The monument stands as witness and information source about the bygone times, being however affected by its passage. Broken, eroded, or destroyed, it survives as disparate fragments. However, as either lost, missing, or fragmentary, the matter of the monument speaks beyond its absence. Researchers can collect clues from monuments or other material artefacts as well as read between the empty spaces of either destroyed or unfinished monuments and objects. They can distinguish between different types of absence and tell if an object or monument had been purposedly broken by a specific tool or by accident, deteriorated in contact with other external agents, or if they are crumbling because of a faulty execution technique or bad choice of materials.
Destruction is, however, ambivalent: it obliterates matter and simultaneously testifies a historic event. The absence can be a proof as strong as presence, while decay can be considered an artefact itself. In the open-air museum of Oradour-sur-Glane, it affirms the trauma and calls for remembering the lost lives. In the village, where life seems to have stopped, decay expands day by day, engulfing the streets, houses and households of the massacred villagers and evoking the absence of the victims.

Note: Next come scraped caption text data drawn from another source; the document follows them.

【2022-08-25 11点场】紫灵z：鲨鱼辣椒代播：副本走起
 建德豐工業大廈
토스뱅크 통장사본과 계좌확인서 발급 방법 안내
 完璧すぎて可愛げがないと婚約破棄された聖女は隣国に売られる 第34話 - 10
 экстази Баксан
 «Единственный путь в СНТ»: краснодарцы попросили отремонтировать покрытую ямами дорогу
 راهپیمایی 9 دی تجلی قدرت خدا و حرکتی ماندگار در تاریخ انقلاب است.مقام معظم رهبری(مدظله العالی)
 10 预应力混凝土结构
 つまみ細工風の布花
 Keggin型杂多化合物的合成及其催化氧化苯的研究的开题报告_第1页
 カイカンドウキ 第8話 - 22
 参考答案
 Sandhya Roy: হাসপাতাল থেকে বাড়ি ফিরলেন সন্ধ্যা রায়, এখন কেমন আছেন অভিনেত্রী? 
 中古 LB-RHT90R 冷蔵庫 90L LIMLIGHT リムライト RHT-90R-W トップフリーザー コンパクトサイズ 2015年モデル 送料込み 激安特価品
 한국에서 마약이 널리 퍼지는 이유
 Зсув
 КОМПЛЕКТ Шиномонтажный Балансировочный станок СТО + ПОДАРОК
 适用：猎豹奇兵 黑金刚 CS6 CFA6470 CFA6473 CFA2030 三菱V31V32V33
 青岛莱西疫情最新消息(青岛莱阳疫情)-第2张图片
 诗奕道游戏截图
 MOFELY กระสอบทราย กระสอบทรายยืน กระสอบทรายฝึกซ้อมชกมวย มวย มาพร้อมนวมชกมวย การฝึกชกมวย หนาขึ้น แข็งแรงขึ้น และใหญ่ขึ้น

Furthermore, destruction is something which can be obliterated itself in order to conceal traumatic events. For example, conservation policies of monuments or cities destroyed by war show various approaches in dealing with loss: it can be completely erased by a historically faithful reconstruction or commemorated and marked through symbols, explanatory panels, or by inserting different materials or urban tissues in the reconstruction.
Lastly, destruction can be enacted by those in charge of protecting, studying, and sharing knowledge about the past. For example, the erasure of later historic and contemporary settlement layers is the only way to access ancient heritage. A notorious example is the case of the Ancient Agora in Athens, where the last demolition took place in autumn 2022, and which had been covered by the neoclassical neighborhood of Vrysaki. The controversial expropriation of the inhabitants and radical intervention in the urban structure raise questions about legitimacy of the knowledge obtained through destruction.